● **Exercise details**
Transcribe every line of the material below without change, apart from dropping the pictures.

● **Dataset content**
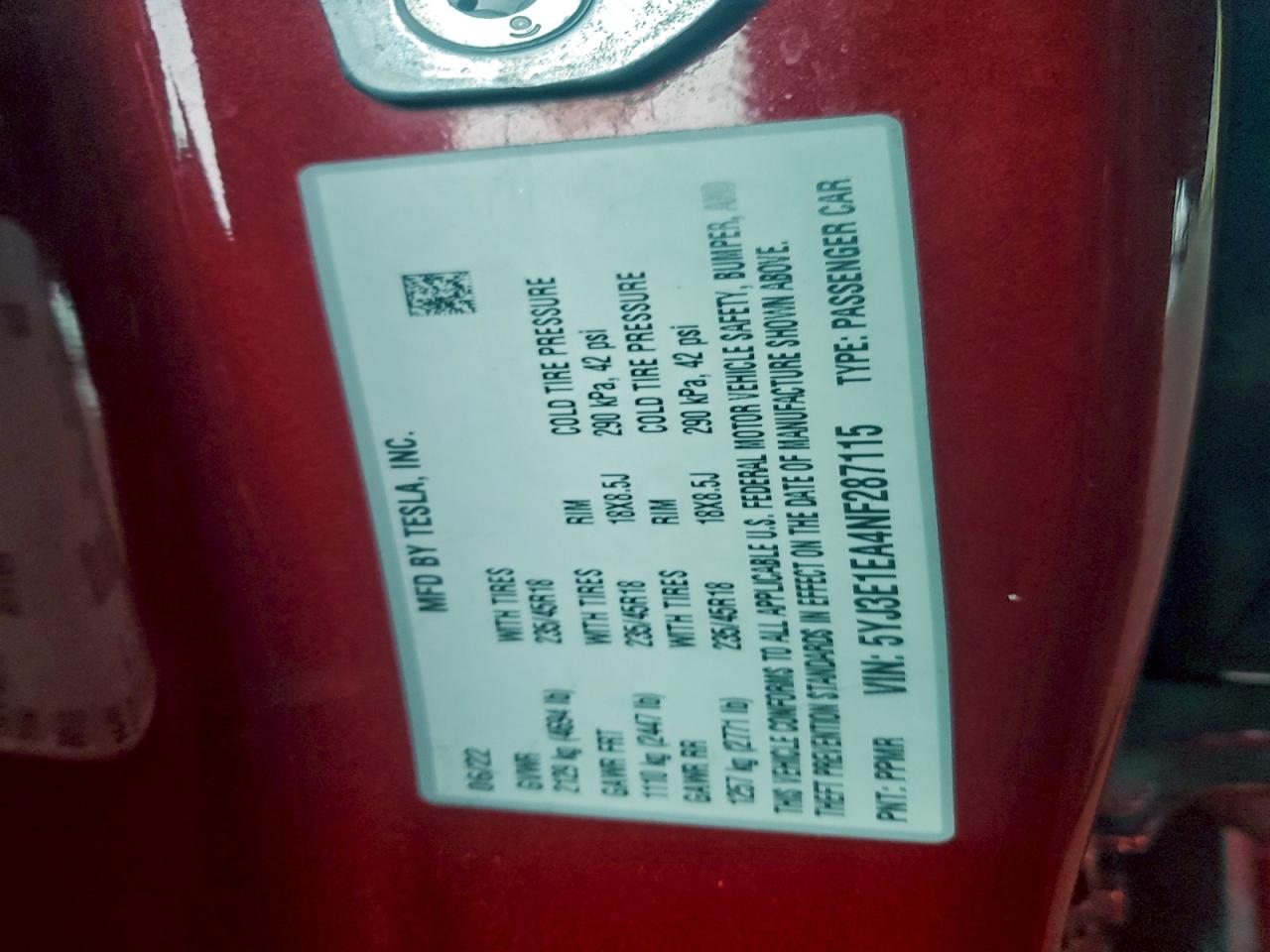 Tesla Model 3 Image 9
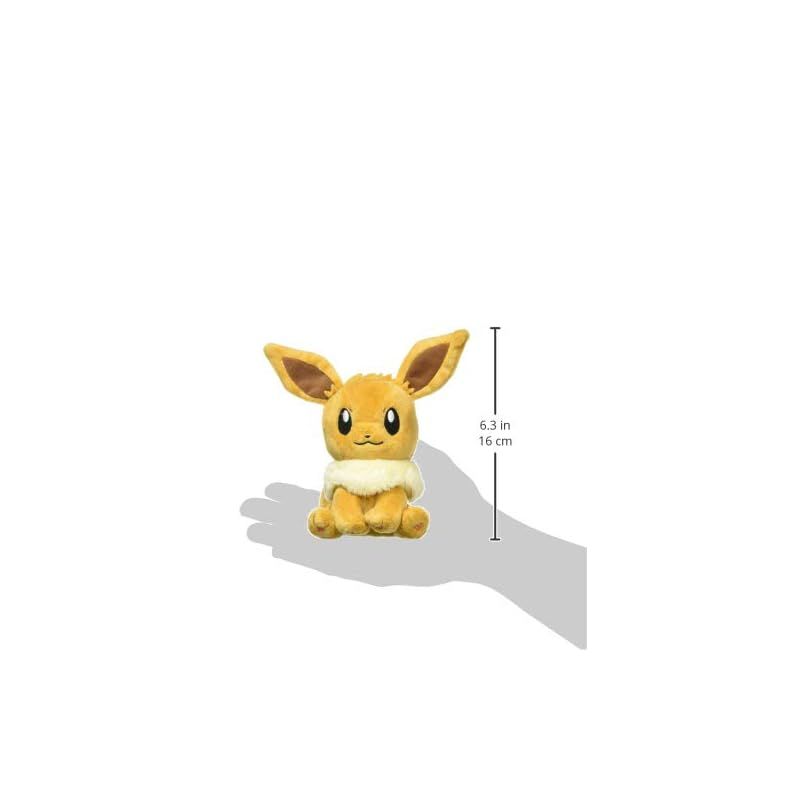 新品】 ポケモンセンターオリジナル ぬいぐるみ Pokemon fit イーブイ
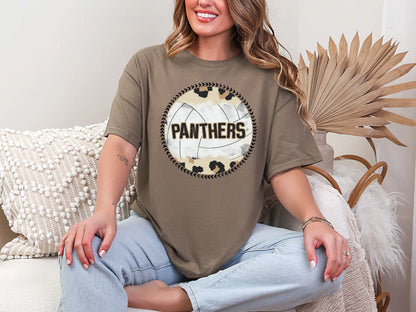 Leopard Volleyball-Panthers DTF TRANSFER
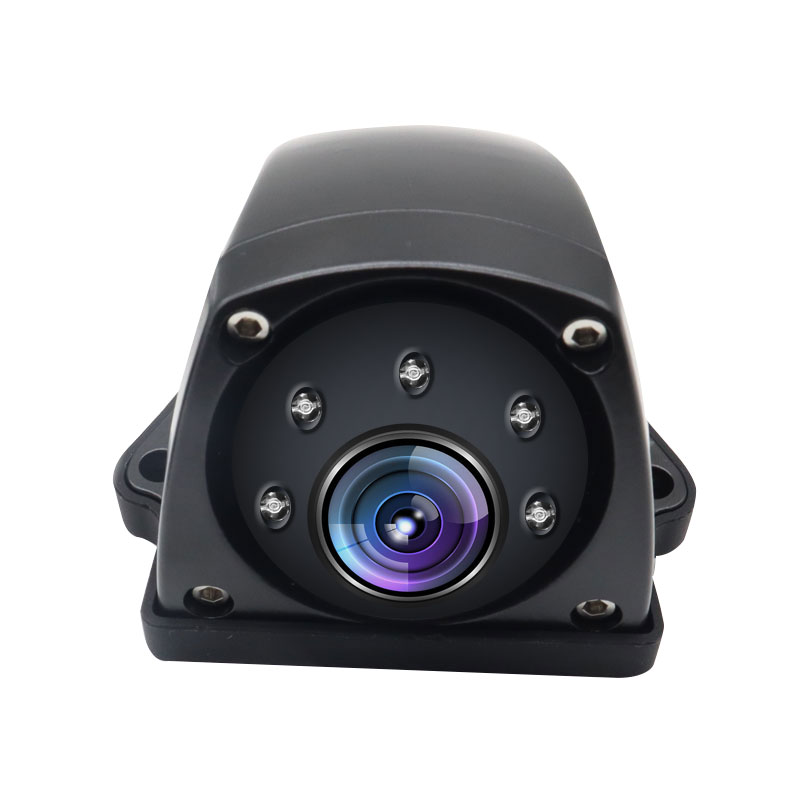 Cámara AI de vista lateral 720P con ángulo de visión de 130 grados y clasificación de impermeabilidad IP69K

● **Exercise solution**
 Tesla Model 3 Image 9
 新品】 ポケモンセンターオリジナル ぬいぐるみ Pokemon fit イーブイ
 Leopard Volleyball-Panthers DTF TRANSFER
 Cámara AI de vista lateral 720P con ángulo de visión de 130 grados y clasificación de impermeabilidad IP69K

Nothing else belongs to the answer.